Goaltending prominently featured in Boston Bruins 2014 Fall Top 20

By Richard Murray
Malcolm Subban - Boston Bruins

Photo: Malcolm Subban is one of several strong goaltending prospects in the Boston Bruins system. Subban was picked in the first round of the 2012 NHL Draft. (courtesy of Michael Tureski/Icon SMI)

 

The Boston Bruins have turned to some of their young guns like Reilly Smith, Dougie Hamilton, Torey Krug and others to jump into the lineup and produce right away. With the Bruins’ current cap troubles, there is a good chance that top prospects like David Pastrnak, Ryan Spooner, and Alexander Khokhlachev will be to do the same.

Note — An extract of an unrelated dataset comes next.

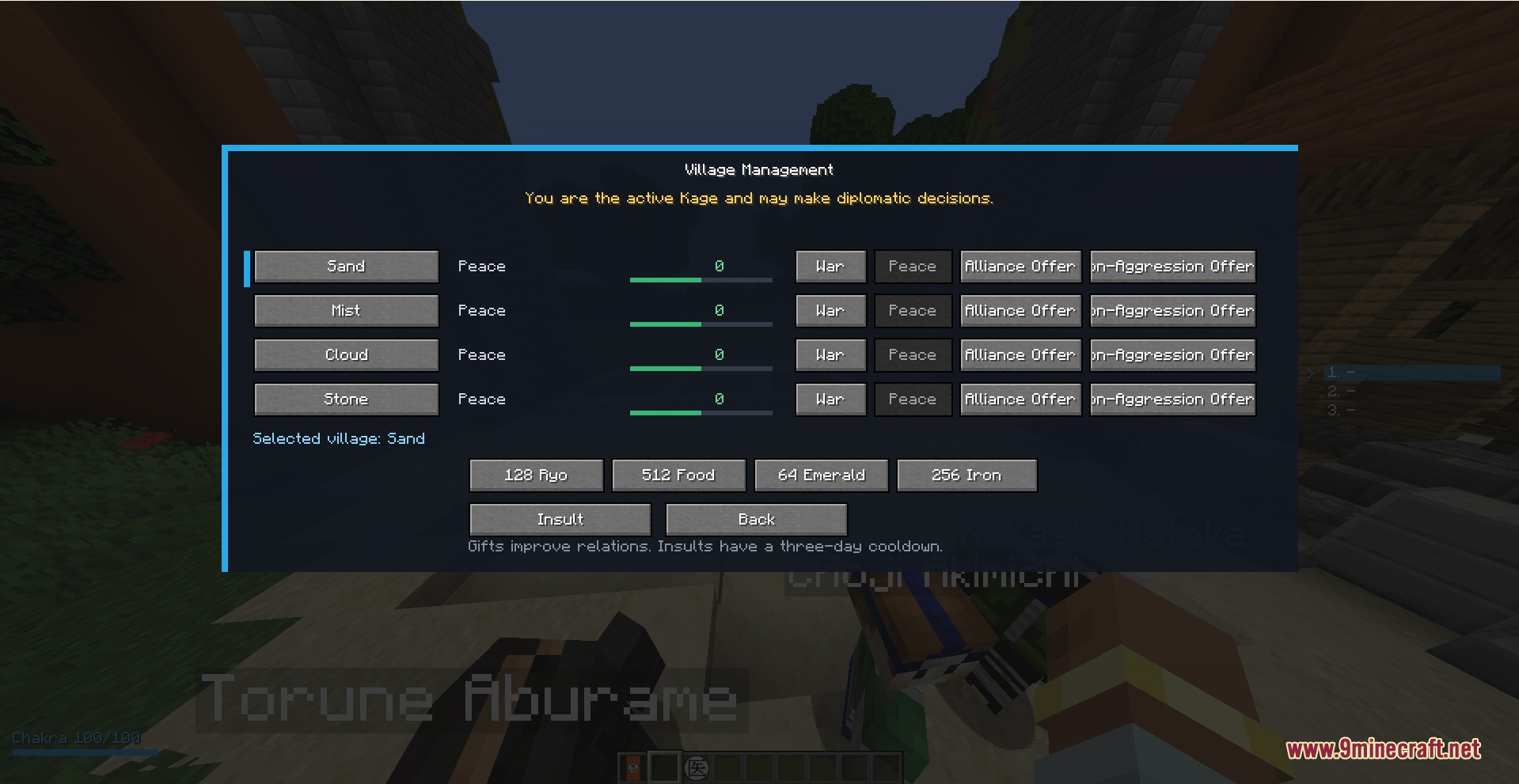 Chakra Bound Warfare Mod Screenshot 2 Village Management interface showing diplomatic relations and resource trading for ninja villages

The Bruins filled a huge hole in their winger depth grabbing the smooth skating Pastrnak in the first round of the 2014 NHL Draft and he has become one of Boston’s top prospects right away. Other than Pastrnak’s addition there were not too many changes in and out of the Bruins top 20 prospects.

1. (1) Malcolm Subban, G, 8.0B
Drafted 1st round, 24th overall, 2012

Subban is coming off an excellent rookie campaign in the AHL and is set to take over starting duties with the Providence Bruins. Subban is highly athletic, but still has some work to do on his overall game before making the jump to the NHL.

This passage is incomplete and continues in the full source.